─── SUPPLIED MATERIAL

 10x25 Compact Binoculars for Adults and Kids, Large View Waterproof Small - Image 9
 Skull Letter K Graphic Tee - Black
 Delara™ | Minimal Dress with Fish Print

──────
─── SUPPLIED MATERIAL

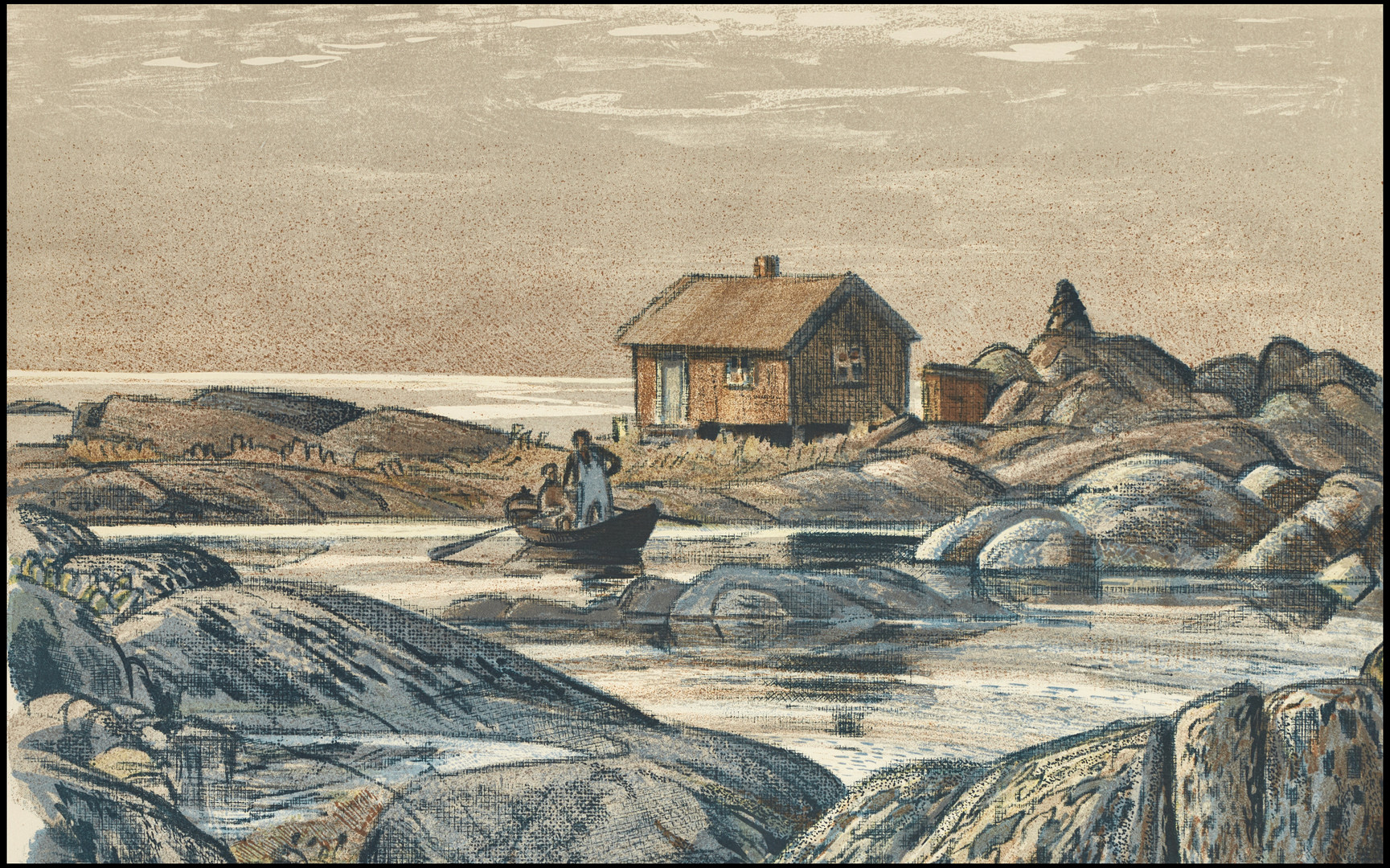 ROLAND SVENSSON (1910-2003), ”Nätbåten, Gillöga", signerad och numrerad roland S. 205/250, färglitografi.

──────

● **TASK STATEMENT**: Quote the data above from the line containing "10x25 Compact Binoculars" to the line containing "Delara™ | Minimal Dress with Fish Print", inclusive, and stop.

● **OUTPUT**:
 10x25 Compact Binoculars for Adults and Kids, Large View Waterproof Small - Image 9
 Skull Letter K Graphic Tee - Black
 Delara™ | Minimal Dress with Fish Print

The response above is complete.